Despite the Blue Jays woes in Anaheim and the Argos laying the “eg” in Winnipeg, Toronto sports fans have had plenty else to distract them this past weekend, much of it good. Dominating performances by Teams Canada and North America to open the World Cup of Hockey, and a stirring comeback by Toronto FC to clinch a playoff spot are certainly buzz worthy, and the talk radio agenda this morning seems to agree more or less. But with just two weeks left in the baseball season, there’s great concern the Blue Jays are about to waste a season filled with promise. I can be kind no longer.
After 6-1 and 4-0 losses, the Jays hold the final AL wild card berth, are four back of Boston in the division, and sit just two ahead of Detroit and Seattle with 13 games to play. The weekend losses were embarrassing and unprofessional, littered with mental and physical errors and ignorant of basic fundamentals of the game. Ricky Nolasco and Alex Meyer just showed every other team how to pitch the Blue Jays, who continue to refuse to change their collective approach at the plate. They consistently painted the outside edge, knowing the Jays big bats won’t shorten their swings and/or look to go the other way save for Devon Travis. Consistently behind in the count, Jays hitters were then easy prey to fastballs up and in or breaking balls away. The strikeouts continue to mount in situations where contact is essential. Worst perhaps, however, is the appearance from the outside that they are playing for themselves as individuals instead of as the cohesive unit we saw just a year ago.

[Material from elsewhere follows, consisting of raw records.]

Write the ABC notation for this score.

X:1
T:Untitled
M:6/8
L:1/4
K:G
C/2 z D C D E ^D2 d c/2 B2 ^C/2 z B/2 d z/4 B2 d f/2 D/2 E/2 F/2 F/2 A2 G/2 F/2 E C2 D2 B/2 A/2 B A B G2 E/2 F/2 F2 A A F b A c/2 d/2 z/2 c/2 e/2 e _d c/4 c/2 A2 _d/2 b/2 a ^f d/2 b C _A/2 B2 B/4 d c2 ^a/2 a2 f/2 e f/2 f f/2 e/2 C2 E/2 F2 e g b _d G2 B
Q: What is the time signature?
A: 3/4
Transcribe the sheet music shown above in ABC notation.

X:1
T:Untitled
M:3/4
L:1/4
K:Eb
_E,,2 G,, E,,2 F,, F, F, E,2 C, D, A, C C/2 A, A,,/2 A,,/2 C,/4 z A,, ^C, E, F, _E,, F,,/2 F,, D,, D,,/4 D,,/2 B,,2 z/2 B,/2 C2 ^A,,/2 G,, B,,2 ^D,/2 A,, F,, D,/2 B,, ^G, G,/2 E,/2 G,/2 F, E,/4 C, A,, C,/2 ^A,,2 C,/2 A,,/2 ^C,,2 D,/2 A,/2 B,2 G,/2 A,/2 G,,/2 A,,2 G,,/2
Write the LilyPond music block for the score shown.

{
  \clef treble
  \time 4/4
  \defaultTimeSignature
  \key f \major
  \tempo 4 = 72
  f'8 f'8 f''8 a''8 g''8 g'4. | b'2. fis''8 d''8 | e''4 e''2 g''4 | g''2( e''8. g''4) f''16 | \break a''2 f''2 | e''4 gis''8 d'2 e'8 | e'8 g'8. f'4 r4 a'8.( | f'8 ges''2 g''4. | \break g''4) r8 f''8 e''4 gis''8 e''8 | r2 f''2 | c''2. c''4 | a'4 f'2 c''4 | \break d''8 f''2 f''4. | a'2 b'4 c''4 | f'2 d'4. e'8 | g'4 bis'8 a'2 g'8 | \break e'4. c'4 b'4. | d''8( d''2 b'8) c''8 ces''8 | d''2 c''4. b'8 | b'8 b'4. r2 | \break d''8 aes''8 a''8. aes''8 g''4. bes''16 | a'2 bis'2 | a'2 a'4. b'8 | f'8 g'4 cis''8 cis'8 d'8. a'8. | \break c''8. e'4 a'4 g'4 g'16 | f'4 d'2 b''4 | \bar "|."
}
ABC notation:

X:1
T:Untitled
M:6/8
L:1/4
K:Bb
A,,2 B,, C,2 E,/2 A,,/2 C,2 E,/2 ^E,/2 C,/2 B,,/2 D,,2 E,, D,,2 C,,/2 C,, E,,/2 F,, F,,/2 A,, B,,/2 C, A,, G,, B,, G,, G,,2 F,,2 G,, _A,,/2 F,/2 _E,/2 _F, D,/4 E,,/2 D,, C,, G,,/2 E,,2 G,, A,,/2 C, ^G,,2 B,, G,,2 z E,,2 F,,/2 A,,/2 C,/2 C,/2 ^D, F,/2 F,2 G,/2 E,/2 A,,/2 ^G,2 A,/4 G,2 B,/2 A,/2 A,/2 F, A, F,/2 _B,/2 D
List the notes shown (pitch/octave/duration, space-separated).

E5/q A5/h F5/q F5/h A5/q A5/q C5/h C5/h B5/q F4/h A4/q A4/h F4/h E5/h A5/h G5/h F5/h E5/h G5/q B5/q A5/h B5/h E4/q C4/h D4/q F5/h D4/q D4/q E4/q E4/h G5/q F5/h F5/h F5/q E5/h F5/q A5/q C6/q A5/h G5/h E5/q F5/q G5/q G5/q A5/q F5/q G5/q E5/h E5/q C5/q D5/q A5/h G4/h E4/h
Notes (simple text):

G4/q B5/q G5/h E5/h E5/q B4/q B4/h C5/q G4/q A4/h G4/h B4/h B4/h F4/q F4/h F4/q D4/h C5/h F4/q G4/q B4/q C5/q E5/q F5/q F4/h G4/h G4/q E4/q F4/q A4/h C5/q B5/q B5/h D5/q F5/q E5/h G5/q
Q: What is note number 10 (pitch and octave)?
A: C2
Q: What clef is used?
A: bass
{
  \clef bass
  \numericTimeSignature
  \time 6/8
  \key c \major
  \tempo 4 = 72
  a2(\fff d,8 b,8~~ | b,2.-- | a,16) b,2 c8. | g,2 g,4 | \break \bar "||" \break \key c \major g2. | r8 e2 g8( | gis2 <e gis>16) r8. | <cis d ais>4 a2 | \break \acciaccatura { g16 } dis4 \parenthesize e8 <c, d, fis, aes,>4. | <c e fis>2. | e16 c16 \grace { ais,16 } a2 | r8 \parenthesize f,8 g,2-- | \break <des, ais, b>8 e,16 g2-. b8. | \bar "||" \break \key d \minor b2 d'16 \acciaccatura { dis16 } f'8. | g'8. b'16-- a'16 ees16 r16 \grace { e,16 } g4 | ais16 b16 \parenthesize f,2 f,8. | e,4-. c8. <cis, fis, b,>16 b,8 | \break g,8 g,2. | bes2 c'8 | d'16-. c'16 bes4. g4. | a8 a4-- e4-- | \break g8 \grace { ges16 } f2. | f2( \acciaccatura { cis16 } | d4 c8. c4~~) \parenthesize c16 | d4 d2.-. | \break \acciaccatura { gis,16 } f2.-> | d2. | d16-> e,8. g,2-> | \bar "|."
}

I can’t imagine John Gibbons’ dismissive post-game media comments are the same ones he’s delivering internally. He’s doing his job, protecting his players in public forum in the middle of a horrific slide. But surely if he doesn’t, then the veteran players on this team realize a return to basic fundamentals is needed and quickly and they can adjust. We’re going to find out in Seattle, where winning at least one game is an absolute must. Aspirations for repeating as division champions appear to be unrealistic (but not impossible) now, and securing a wildcard berth should now be the primary task.
I wrote last month about how the Blue Jays had a schedule advantage over the last two months of the season. That has now been more than squandered with their 5-11 September record, and the upcoming homestand against the Yankees and Orioles has become must win baseball. Simply put – there is no more room for error.
Curling? YES, curling!
A personal shout out to Team Cadorin and skip Chrissy out of the Thornhill Club, who have started their season in fine fashion. The team underwent a full makeover in the spring, with new members Joanne Curtis, Julia Weagle and Sarah Jagger added. Team Cadorin reached the semifinals in their first two tour events in Oakville and Cornwall (where they went 4-0 in the round robin), and are aiming to add themselves to a deep upper-tier of Ontario women’s rinks looking to find the next gear in order to challenge Grand Slam tour champion Rachel Homan, who won the Shorty Jenkins event in Cornwall yesterday.